Last year’s bill included language that blocked restart-related changes to the hours of service rule the Federal Motor Carrier Safety Administration handed down in June 2013, pending further study. In contentious Senate committee hearings and in floor debate, those in favor of returning to previous restart rules, led by Sen. Susan Collins (R-ME), argued that the new consecutive 1 a.m. to 5 a.m. rest period requirements led to more trucks on the road in morning rush hour periods and disrupted the sleep patterns of drivers who regularly worked pre-dawn shifts. Critics also questioned the validity of the research FMCSA used to support the requirement, particularly the driver health benefits claimed in the rulemaking.
Safety groups, however, supported FMCSA’s more stringent limits and argued that the driver hour limits should be strengthened further, not relaxed. The 2014 debate was further inflamed by the high-profile accident involving comedian Tracy Morgan and a Wal-Mart Transportation driver who was believed to have been fatigued.
The language in the new bill, expected to be voted on Friday, again requires FMCSA to meet an appropriate safety, driver health and driver longevity standard before re-imposing those restrictions.
“We’re pleased that in the omnibus spending compromise released [Wednesday], Congress has seen fit to demand that FMCSA ‘show its work,’ before imposing unnecessary and onerous restrictions on the use of the 34-hour restart by commercial drivers,” said ATA President and CEO Bill Graves. “FMCSA foisted these restrictions on the industry without doing a proper investigation into how they might impact trucking safety and truck drivers’ health and longevity, so it is completely appropriate for Congress to establish a safety and health standard.”

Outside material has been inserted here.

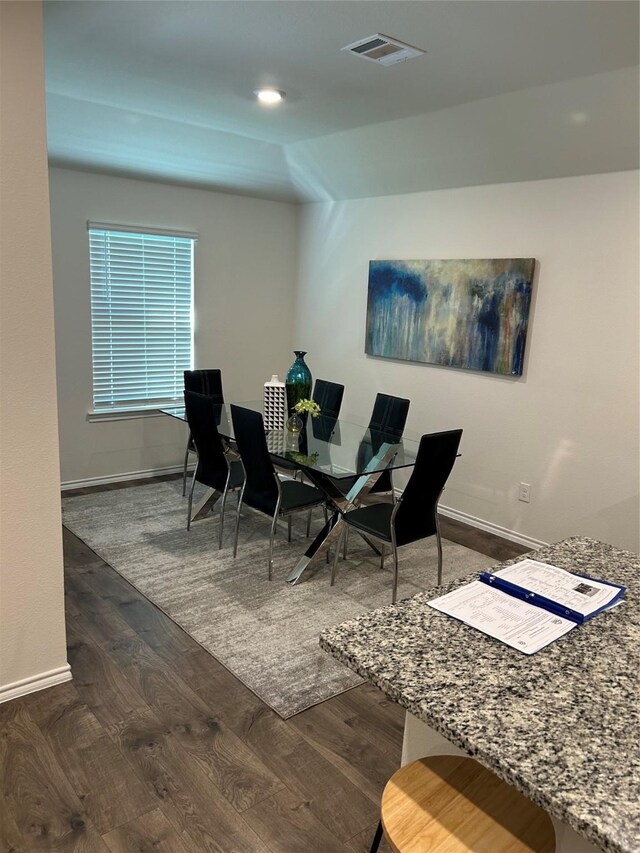 dining room with dark wood-type flooring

The Truck Safety Coalition was “disappointed” the Collins rider again was included in the budget bill, and urged members of Congress to no longer use the appropriations process "as a back door to advance industry-backed agendas,” according to a statement.
“Requiring a truck driver to work up to 82 hours per week will only cause more fatigue related truck crashes, and, in turn, more injuries and deaths. Rather than acquiescing to industry demands, Congress should be making data-driven decisions,” said Executive Director John Lannen. “We hope that the release of the Electronic Logging Device (ELD) Final Rule will help law enforcement isolate bad actors and help the FMCSA obtain better data on truck driver fatigue.”
Citing the assistance of “survivors and families of truck crash victims, law enforcement, first responders, truck drivers, trucking companies,” and other safety advocacy groups, the coalition did pick up a legislative win when language to permit twin-33 ft. “pup” trailers was left out of the omnibus package. Such a provision had been part of the standalone THUD funding bill, after making it out of a Senate committee by a single vote.
The Coalition for Efficient and Responsible Trucking (CERT), made up of several of the largest LTL carriers in the U.S., has been a leading proponent of the longer trailers.
“It’s unfortunate and disappointing that political scare tactics won the day over sound policy,” spokesman Ed Patru said in a statement. “In rejecting a modest extension in the length of twin trailers, Congress missed an opportunity to bring long-overdue efficiencies to freight trucking that would have produced tangible safety, economic and environmental benefits at a time when so many roads and bridges have fallen into disrepair after years of neglect.”
ATA also expressed disappointment that the omnibus bill does not allow for “the modest increase” in tandem trailer length.
“We’re disheartened that Congress allowed itself to be cowed by the fearmongering tactics of anti-truck lobbyists,” said ATA Chairman Pat Thomas, senior vice president of state government affairs for UPS. “By removing language that would have allowed twin 33s on U.S. highways, Congress has passed up a huge opportunity to improve highway safety and trucking’s efficiency.”